Le temps avait passé sans apaiser son coeur d'écorchée, mais ses pas foulaient à présent, les mosaïques florales qui ornaient le sol de la grande salle d'audience. De méfiance ou de déférence, on se poussait à son passage et à celui des hommes qui la suivaient.

La sorcière s'avança au seuil de l'escalier ornemental d'où la princesse et ses conseillers siégeaient et dominaient l'assemblée. Genou au sol, elle s'inclina devant sa souveraine, immédiatement imitée par Dione et le fantassin, tandis que Jalnis s'effondrait bruyamment, suite à un coup de fourreau sec et précis à l'arrière du genou. Selinde releva la tête pour s'adresser solennellement à la future monarque. Ses yeux noisettes, déterminés comme jamais, s'attardèrent plus que de raison dans ceux, bleu-gris, d'Elene.

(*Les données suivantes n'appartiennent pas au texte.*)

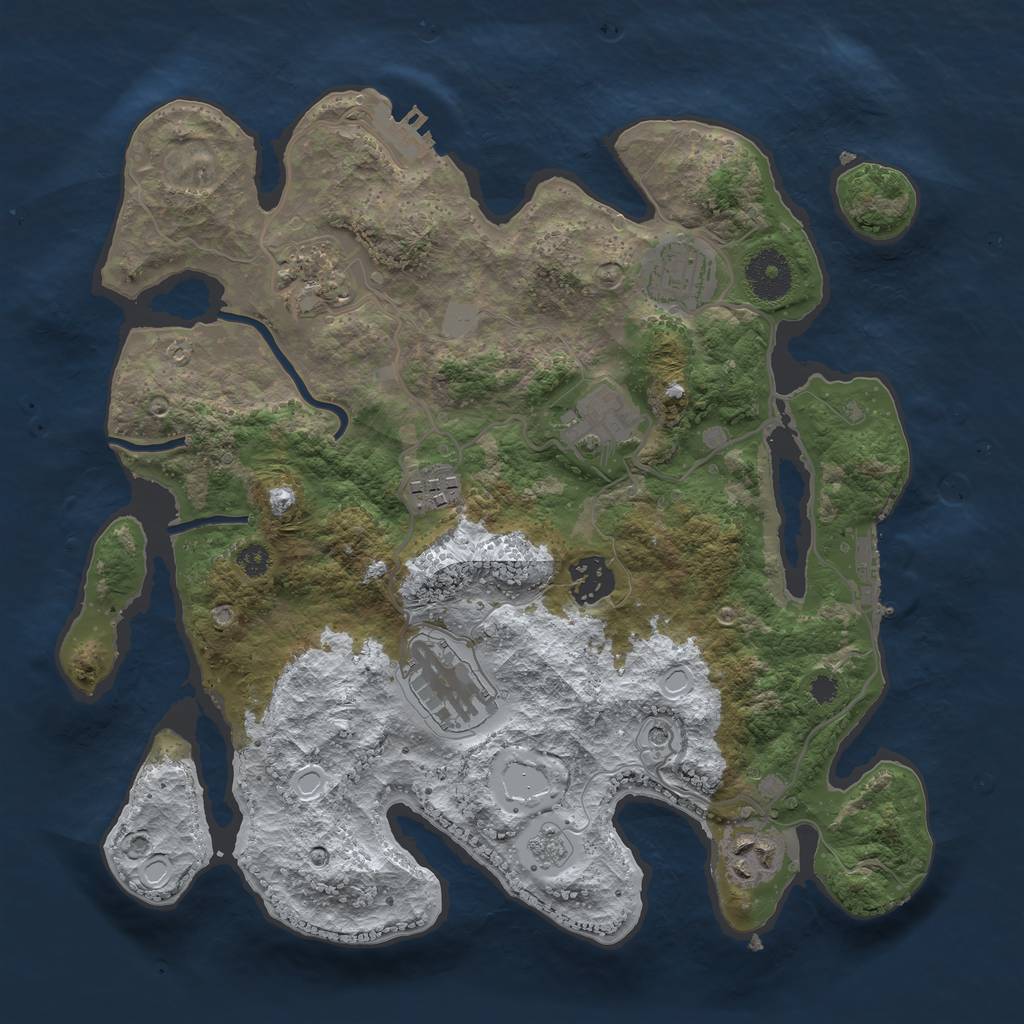 Rust Map: Procedural Map, Size: 3250, Seed: 1505864, 16 Monuments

“Votre Altesse Royale, vos Excellences, soyez assurés des plus sincères salutations de Balard et de son peuple.

Hélas, le caldrasir est en proie à une succession de bassesses, qui ont, une à une, rongé l'espoir de ses habitants, accablés par le plus pernicieux des poisons. La trahison.

L'insidieuse s'est glissée dans l'oreille de l'Avide par le biais des promesses licencieuses d'une elfe singulière. Si ces merveilles illusoires se sont achevées dans un incendie punitif au sein d'une grotte à proximité d'Andoras, le sang de Balard a coulé emportant avec lui autant de ses valeureux soldats que l'ensemble de sa famille régnante.

Mais le venin est resté présent. Dissimulé dans le sous-sol d'une bibliothèque, nous n'en avons compris la nocivité qu'une fois qu'il fut trop tard. Il a pris les traits de cet homme, respectable en apparence. Qui aurait pu se méfier que derrière son air avenant se cachait une nouvelle fois, une funeste trahison ?

L'infâme a voulu, et a pris ce que Balard a de plus précieux. Son avenir… Ses enfants à naître… Comprenez la souffrance de ses mères affligées par la duperie qu'il a distillé au plus profond de leurs êtres ! Comprenez la douleur de ses pères, ivres d'une rage vengeresse pour le sort d'esclaves serviles et dociles réservé à leurs héritiers ! Il n'est de plus épouvantable atteinte adressée à votre peuple.

Votre Altesse Royale, vous savez le mal infligé par un tel poison pour en avoir déjà vu les cruels effets bien qu'il fut vaincu par vos érudits à cette occasion.

Je vous implore, Votre Altesse Royale, d'offrir à Balard toutes les armes pour combattre les maux qui l'oppressent si durement et pour s'en protéger à l'avenir.”


Selinde se tut, et baissa de nouveau la tête, attendant la délibération d'Elene et de ses conseillers. Elle n'avait pu parler librement de crainte de paniquer la plèbe sur la réalité des manigances holdars sur la gestion du royaume talien. Mais elle ne doutait pas de la vivacité d'esprit d'Elene pour traduire ses métaphores en des faits bien réels.